*** Exercise data Section Begins ***

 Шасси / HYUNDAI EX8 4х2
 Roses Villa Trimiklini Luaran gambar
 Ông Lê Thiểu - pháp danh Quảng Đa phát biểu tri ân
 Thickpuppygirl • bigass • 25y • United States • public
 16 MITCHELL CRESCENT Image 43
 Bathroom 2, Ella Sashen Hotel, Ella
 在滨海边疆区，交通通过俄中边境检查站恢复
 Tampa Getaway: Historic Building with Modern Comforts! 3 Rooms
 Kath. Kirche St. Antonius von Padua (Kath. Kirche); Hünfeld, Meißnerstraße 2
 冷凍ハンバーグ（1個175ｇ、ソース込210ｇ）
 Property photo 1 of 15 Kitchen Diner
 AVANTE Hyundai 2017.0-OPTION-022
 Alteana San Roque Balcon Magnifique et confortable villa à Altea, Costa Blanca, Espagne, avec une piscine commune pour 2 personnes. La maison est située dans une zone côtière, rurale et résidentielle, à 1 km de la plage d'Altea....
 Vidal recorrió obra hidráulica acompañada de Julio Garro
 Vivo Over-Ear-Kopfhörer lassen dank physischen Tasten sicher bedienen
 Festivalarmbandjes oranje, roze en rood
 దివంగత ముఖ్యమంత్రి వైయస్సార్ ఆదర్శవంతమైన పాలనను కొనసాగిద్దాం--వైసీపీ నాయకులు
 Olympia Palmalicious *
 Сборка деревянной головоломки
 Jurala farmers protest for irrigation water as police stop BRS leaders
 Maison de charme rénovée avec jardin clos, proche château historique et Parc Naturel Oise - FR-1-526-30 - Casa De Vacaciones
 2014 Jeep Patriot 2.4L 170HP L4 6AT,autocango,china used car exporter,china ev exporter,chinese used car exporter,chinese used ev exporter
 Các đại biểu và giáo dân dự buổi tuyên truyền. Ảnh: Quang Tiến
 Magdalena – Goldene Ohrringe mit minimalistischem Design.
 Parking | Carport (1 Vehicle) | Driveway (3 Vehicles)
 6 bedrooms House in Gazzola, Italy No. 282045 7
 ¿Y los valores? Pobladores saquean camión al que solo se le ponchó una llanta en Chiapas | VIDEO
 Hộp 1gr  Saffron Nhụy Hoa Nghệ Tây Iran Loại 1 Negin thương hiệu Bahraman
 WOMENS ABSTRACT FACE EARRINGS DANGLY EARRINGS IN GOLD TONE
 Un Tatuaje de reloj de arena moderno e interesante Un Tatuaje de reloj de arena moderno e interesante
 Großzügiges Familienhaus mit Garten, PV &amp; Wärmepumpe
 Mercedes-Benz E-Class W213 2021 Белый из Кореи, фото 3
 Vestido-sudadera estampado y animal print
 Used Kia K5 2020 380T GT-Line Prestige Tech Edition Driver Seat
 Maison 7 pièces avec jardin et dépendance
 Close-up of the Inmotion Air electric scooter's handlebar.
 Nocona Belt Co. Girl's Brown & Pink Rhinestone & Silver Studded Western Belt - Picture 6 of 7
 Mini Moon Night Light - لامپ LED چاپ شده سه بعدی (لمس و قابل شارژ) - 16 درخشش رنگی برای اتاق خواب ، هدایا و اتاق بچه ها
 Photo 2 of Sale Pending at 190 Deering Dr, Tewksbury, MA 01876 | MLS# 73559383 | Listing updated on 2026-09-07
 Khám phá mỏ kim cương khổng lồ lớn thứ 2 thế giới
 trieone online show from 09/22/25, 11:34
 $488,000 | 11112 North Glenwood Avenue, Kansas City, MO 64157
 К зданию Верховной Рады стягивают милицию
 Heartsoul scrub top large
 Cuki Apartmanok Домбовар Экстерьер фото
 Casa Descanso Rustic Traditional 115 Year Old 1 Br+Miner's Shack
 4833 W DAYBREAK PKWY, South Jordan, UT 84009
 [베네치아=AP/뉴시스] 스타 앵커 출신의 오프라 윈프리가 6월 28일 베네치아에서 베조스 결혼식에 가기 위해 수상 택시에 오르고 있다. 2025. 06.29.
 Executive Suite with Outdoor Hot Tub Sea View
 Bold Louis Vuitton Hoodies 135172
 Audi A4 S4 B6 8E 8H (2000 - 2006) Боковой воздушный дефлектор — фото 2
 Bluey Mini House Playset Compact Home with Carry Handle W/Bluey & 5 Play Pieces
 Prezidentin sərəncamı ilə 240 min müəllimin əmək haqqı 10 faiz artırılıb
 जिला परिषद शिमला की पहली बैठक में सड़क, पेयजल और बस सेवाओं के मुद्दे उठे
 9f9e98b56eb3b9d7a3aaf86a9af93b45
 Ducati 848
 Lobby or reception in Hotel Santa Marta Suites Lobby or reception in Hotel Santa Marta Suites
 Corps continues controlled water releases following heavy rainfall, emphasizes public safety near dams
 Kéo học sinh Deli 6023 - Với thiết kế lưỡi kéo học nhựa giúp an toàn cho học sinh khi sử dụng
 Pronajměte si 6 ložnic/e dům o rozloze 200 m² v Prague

*** Exercise data Section Ends ***

> **Task**
The records above are to be transcribed exactly and completely.

> **Reply**
 Шасси / HYUNDAI EX8 4х2
 Roses Villa Trimiklini Luaran gambar
 Ông Lê Thiểu - pháp danh Quảng Đa phát biểu tri ân
 Thickpuppygirl • bigass • 25y • United States • public
 16 MITCHELL CRESCENT Image 43
 Bathroom 2, Ella Sashen Hotel, Ella
 在滨海边疆区，交通通过俄中边境检查站恢复
 Tampa Getaway: Historic Building with Modern Comforts! 3 Rooms
 Kath. Kirche St. Antonius von Padua (Kath. Kirche); Hünfeld, Meißnerstraße 2
 冷凍ハンバーグ（1個175ｇ、ソース込210ｇ）
 Property photo 1 of 15 Kitchen Diner
 AVANTE Hyundai 2017.0-OPTION-022
 Alteana San Roque Balcon Magnifique et confortable villa à Altea, Costa Blanca, Espagne, avec une piscine commune pour 2 personnes. La maison est située dans une zone côtière, rurale et résidentielle, à 1 km de la plage d'Altea....
 Vidal recorrió obra hidráulica acompañada de Julio Garro
 Vivo Over-Ear-Kopfhörer lassen dank physischen Tasten sicher bedienen
 Festivalarmbandjes oranje, roze en rood
 దివంగత ముఖ్యమంత్రి వైయస్సార్ ఆదర్శవంతమైన పాలనను కొనసాగిద్దాం--వైసీపీ నాయకులు
 Olympia Palmalicious *
 Сборка деревянной головоломки
 Jurala farmers protest for irrigation water as police stop BRS leaders
 Maison de charme rénovée avec jardin clos, proche château historique et Parc Naturel Oise - FR-1-526-30 - Casa De Vacaciones
 2014 Jeep Patriot 2.4L 170HP L4 6AT,autocango,china used car exporter,china ev exporter,chinese used car exporter,chinese used ev exporter
 Các đại biểu và giáo dân dự buổi tuyên truyền. Ảnh: Quang Tiến
 Magdalena – Goldene Ohrringe mit minimalistischem Design.
 Parking | Carport (1 Vehicle) | Driveway (3 Vehicles)
 6 bedrooms House in Gazzola, Italy No. 282045 7
 ¿Y los valores? Pobladores saquean camión al que solo se le ponchó una llanta en Chiapas | VIDEO
 Hộp 1gr  Saffron Nhụy Hoa Nghệ Tây Iran Loại 1 Negin thương hiệu Bahraman
 WOMENS ABSTRACT FACE EARRINGS DANGLY EARRINGS IN GOLD TONE
 Un Tatuaje de reloj de arena moderno e interesante Un Tatuaje de reloj de arena moderno e interesante
 Großzügiges Familienhaus mit Garten, PV &amp; Wärmepumpe
 Mercedes-Benz E-Class W213 2021 Белый из Кореи, фото 3
 Vestido-sudadera estampado y animal print
 Used Kia K5 2020 380T GT-Line Prestige Tech Edition Driver Seat
 Maison 7 pièces avec jardin et dépendance
 Close-up of the Inmotion Air electric scooter's handlebar.
 Nocona Belt Co. Girl's Brown & Pink Rhinestone & Silver Studded Western Belt - Picture 6 of 7
 Mini Moon Night Light - لامپ LED چاپ شده سه بعدی (لمس و قابل شارژ) - 16 درخشش رنگی برای اتاق خواب ، هدایا و اتاق بچه ها
 Photo 2 of Sale Pending at 190 Deering Dr, Tewksbury, MA 01876 | MLS# 73559383 | Listing updated on 2026-09-07
 Khám phá mỏ kim cương khổng lồ lớn thứ 2 thế giới
 trieone online show from 09/22/25, 11:34
 $488,000 | 11112 North Glenwood Avenue, Kansas City, MO 64157
 К зданию Верховной Рады стягивают милицию
 Heartsoul scrub top large
 Cuki Apartmanok Домбовар Экстерьер фото
 Casa Descanso Rustic Traditional 115 Year Old 1 Br+Miner's Shack
 4833 W DAYBREAK PKWY, South Jordan, UT 84009
 [베네치아=AP/뉴시스] 스타 앵커 출신의 오프라 윈프리가 6월 28일 베네치아에서 베조스 결혼식에 가기 위해 수상 택시에 오르고 있다. 2025. 06.29.
 Executive Suite with Outdoor Hot Tub Sea View
 Bold Louis Vuitton Hoodies 135172
 Audi A4 S4 B6 8E 8H (2000 - 2006) Боковой воздушный дефлектор — фото 2
 Bluey Mini House Playset Compact Home with Carry Handle W/Bluey & 5 Play Pieces
 Prezidentin sərəncamı ilə 240 min müəllimin əmək haqqı 10 faiz artırılıb
 जिला परिषद शिमला की पहली बैठक में सड़क, पेयजल और बस सेवाओं के मुद्दे उठे
 9f9e98b56eb3b9d7a3aaf86a9af93b45
 Ducati 848
 Lobby or reception in Hotel Santa Marta Suites Lobby or reception in Hotel Santa Marta Suites
 Corps continues controlled water releases following heavy rainfall, emphasizes public safety near dams
 Kéo học sinh Deli 6023 - Với thiết kế lưỡi kéo học nhựa giúp an toàn cho học sinh khi sử dụng
 Pronajměte si 6 ložnic/e dům o rozloze 200 m² v Prague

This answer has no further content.